***** Information supplied

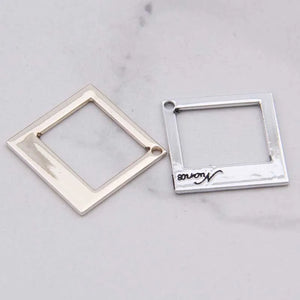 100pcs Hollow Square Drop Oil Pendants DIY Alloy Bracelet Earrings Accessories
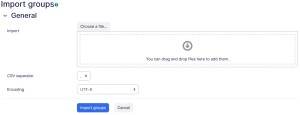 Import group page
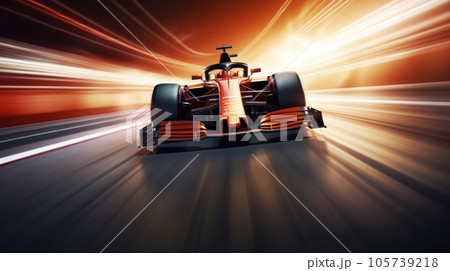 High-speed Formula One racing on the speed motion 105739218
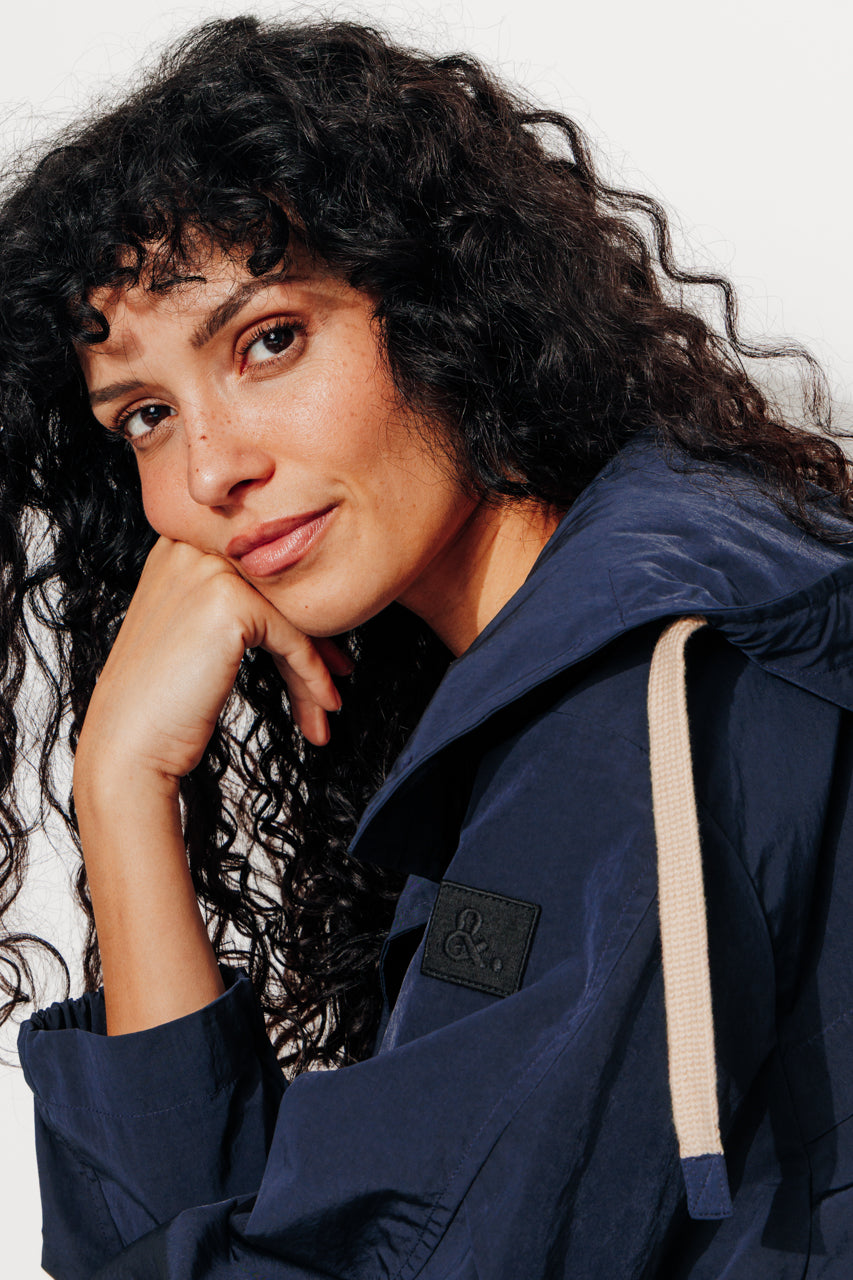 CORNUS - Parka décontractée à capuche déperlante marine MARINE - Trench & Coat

**********

> _What the task asks_: Print the material in full and exactly, minus the pictures.

> _Problem solution_:
 100pcs Hollow Square Drop Oil Pendants DIY Alloy Bracelet Earrings Accessories
 Import group page
 High-speed Formula One racing on the speed motion 105739218
 CORNUS - Parka décontractée à capuche déperlante marine MARINE - Trench & Coat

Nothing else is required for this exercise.